‘Wie liet die scheet?’
‘Ik ben de groene Ninja.’
‘Nee dat ben ik al, jij kan de rode Ninja wel zijn.’
Op de achterbank van de auto zitten Bastiaan zijn drie beste vriendjes. De jarige zit naast me en is druk bezig met het opzoeken van een goede radiozender. We zijn op weg naar het zwembad om Bastiaan zijn achtste verjaardag te vieren. De auto met de ‘meiden’ rijdt voor ons als de mannen een nieuw onderwerp in de vorm van superkrachten aansnijden.
‘Ik kan denk ik wel 100 keer het hele universum optillen.’
‘Ik wel een miljoen keer!’
‘Wie liet er nu weer een scheet?’
Na het zwemmen heb ik de meidenauto. Ondanks dat ze moe zijn van meer dan twee uur zwemmen is de felheid er nog niet af.

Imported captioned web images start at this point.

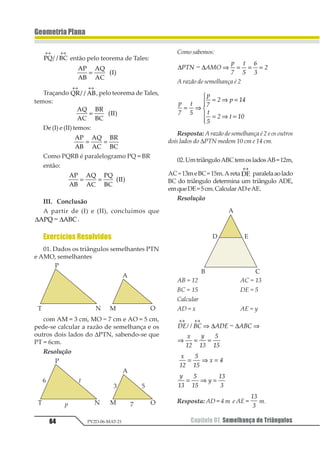 Capítulo 05. Estudo dos Polígonos 53PV2D-06-MAT-21
GeometriaPlana
4.PolígonoConvexoe
PolígonoCôncavo
Um polígono é convexo se, e somente se,
qualquerretasuporte,deumladodopolígono,
deixar todos os outros lados num mesmo
semiplano, dos dois que ela determina.
Num polígono convexo, a região poligonal
é convexa.
Um polígono que não é convexo é côncavo.
Num polígono côncavo, a região poligonal é
côncava.
5.Nomenclatura
Onomedospolígonosédadodeacordocomo
número n de lados, assim:
1ºcaso: 3 ≤ n ≤ 9
n=3..... triângulo
n=4..... quadrilátero
n=5..... pentágono
n=6..... hexágono
n = 7 ..... heptágono
n = 8 ..... octógono
n = 9 ..... eneágono
2º caso: n é múltiplo de 10
n = 10 ..... decágono
n = 20 ..... icoságono
n = 30 ..... tricágono
n = 40 ..... quadricágono
n = 50 ..... pentacágono
n = 60 ..... hexacágono
3º caso: n  10 e não múltiplo de 10
O nome inicia pelo prefixo que indica a
unidade (uno, duo, tri, quadri, penta, hexa,
hepta, octo e enea) e termina pela dezena.
n = 11 ..... unodecágono ou undecágono
n = 12 ..... duodecágono ou dodecágono
n = 16 ..... hexadecágono
n = 18 ..... octodecágono
n = 25 ..... penta-icoságono
n = 37 ..... heptatricágono
n = 56 ..... hexapentacágono
6. Número de Diagonais de
umPolígonoConvexo
Num polígono convexo A1 A2 ... An com n
lados, em cada vértice, temos (n – 3) diagonais,
então nos n vértices são n (n – 3) diagonais.
No entanto, desse modo, cada diagonal
está sendo contada duas vezes, por exemplo,
1 1 1 11 2 2 111211 , então o número d de
diagonais é:
1
2 2
=
−1 23
4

‘Jij volgt alleen maar knappe mensen op musical.ly.’
‘Jij kent musical.ly alleen maar door mij.’
‘Zij is misschien niet zo knap van buiten maar wel van binnen.’
‘Ik ga een shop-feestje voor mijn verjaardag geven.’
‘Ik wou dat ik mijn iPad bij me had.’
‘Jij zit alleen maar op je iPad en als je bij komt spelen vraag je altijd eerst wat we gaan doen.’
Ik had te doen met de arme jongens in de auto achter me. Er zat nu al een wereld van verschil tussen hen en de meiden. Niet eens een hele wereld maar een heel universum. Eentje die de jongens zelfs met zijn vijven nooit opgetild krijgen. Superkrachten of niet.